Full disclosure. Bill Burns and I were classmates in the international relations programme at Oxford University. In the early 1980s we embarked on sometimes parallel careers, he as a US diplomat, I as a journalist. Though our relations were cordial, I have seen Burns only three times, and briefly, since leaving university.
Burns was a soft-spoken but articulate, unflappable, intelligent and prematurely wise student. The word at Oxford was that he would be the first to “make ambassador”.
He mastered Arabic and Russian, served as US envoy to Amman and Moscow, assistant secretary of state for near eastern affairs, undersecretary for political affairs and finally as deputy secretary of state. Only one other career diplomat has risen so far.
When he pleaded with Burns to postpone his retirement a second time, then president Barack Obama called him “the ultimate professional”. Burns will likely be remembered as a consummate diplomat, on a par with the legendary George Kennan. His beautifully written book, rich in pen portraits, anecdote and description, is also a meticulous record of three and a half decades of diplomatic history.

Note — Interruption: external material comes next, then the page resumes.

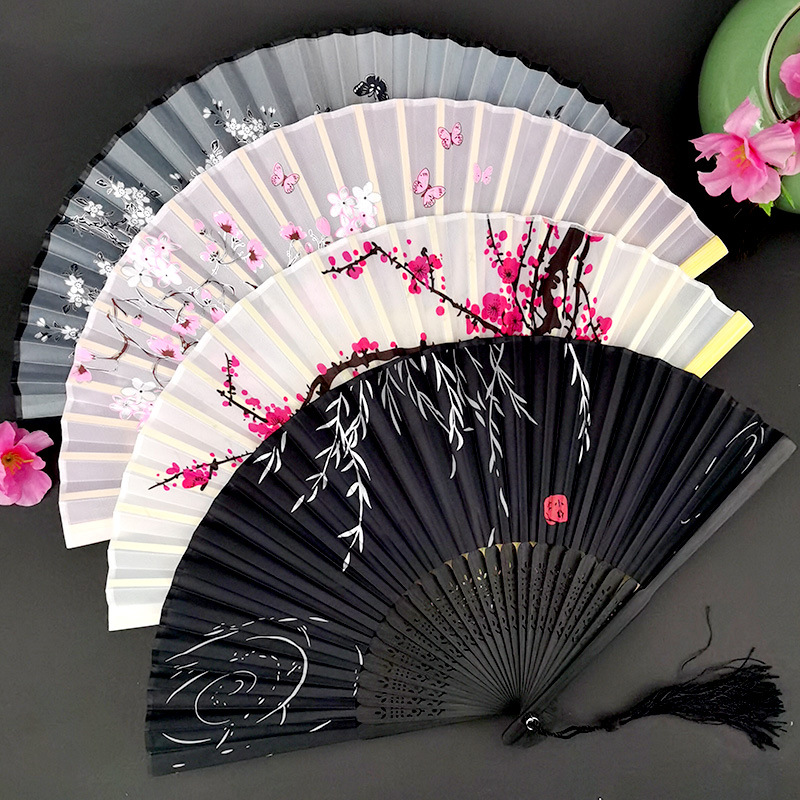 Yixiao Er Qing Fan Factory Direct Hanfu Antique Fan Chinese Style Ladies Yixiao Fan Silk Bamboo Fan Wholesale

A back channel is a secret or unofficial means of communication and the title refers to Burns’s greatest achievement, the July 2015 nuclear accord with Iran, under which the Islamic Republic promised never to develop a nuclear weapon, in exchange for the lifting of economic sanctions.
President Donald Trump renounced the accord in May 2018, against the advice of US allies and despite that fact that Iran was in compliance. Iranian president Hassan Rouhani waited one year to announce that Iran would resume its nuclear activities if Europe did not defy Trump’s unilateral ban on trade with Iran.

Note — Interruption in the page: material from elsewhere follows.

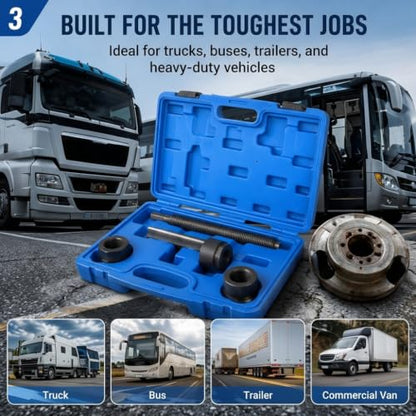 Dual Wheel Separator Tool Dually Wheel Separator for Stuck Hub Removal, Heavy Duty Wheel Separator Tool Hub Puller Fit for Truck Bus Van Trailer, One-Piece Pusher Ball Bearing Driven Kit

In an earlier, similar feat, Burns persuaded the Libyan dictator Muammar al-Qaddafi to compensate the victims of the Lockerbie bombing, renounce terrorism and abandon its nuclear and chemical weapons programmes.
Two quotes summarise a career in damage limitation. Prof Hedley Bull, who supervised Burn’s doctoral thesis at Oxford, told him Americans believe every problem has a solution, “but diplomacy is more often about managing problems than solving them”.

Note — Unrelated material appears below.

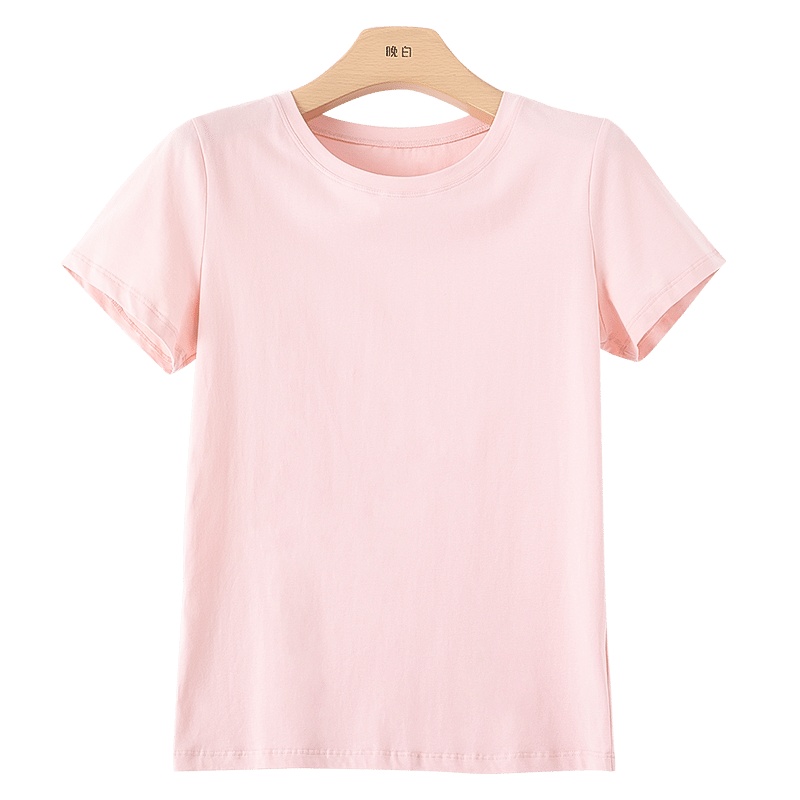 晩白 2020夏季新品时尚百搭简约纯色圆领通勤显瘦短袖休闲T恤衫女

At his oral exam for the foreign service, Burns was asked what was the biggest challenge facing US foreign policy. “I think it’s us,” he replied.
Burns pleaded for reason in the run-up to the 2003 invasion of Iraq. There was no evidence of Iraqi involvement in the atrocities of 9/11, no regional or international support for a war and “no triggering event”, he argued.
In a memo titled The Perfect Storm, Burns and two colleagues accurately predicted that the fall of Saddam Hussein would lead to widespread looting, the collapse of Iraq’s infrastructure and institutions, sectarian warfare and meddling by regional powers.
“What we did not do… however, was take a hard stand against war altogether, or make a passionate case for containment as a long-term alternative to conflict… That remains my biggest professional regret,” he writes.
Burns asks himself why he did not resign over Iraq. He cites loyalty to friends and colleagues, the discipline of the foreign service “and the conceit that we could still help avoid even worse policy blunders from within the system”.
Burns devoted considerable time and effort to the also futile quest for peace between Israel and Palestinians. When he was ambassador to Amman, his wife Lisa worked in Palestinian refugee camps. His book includes a wrenching description of death and destruction in Jenin after a retaliatory raid by Israel. Burns denounced a draft of a George W Bush speech on Israeli-Palestine as “junk”, called it “patronising and preachy” and warned that “No one… could sell this in the region”.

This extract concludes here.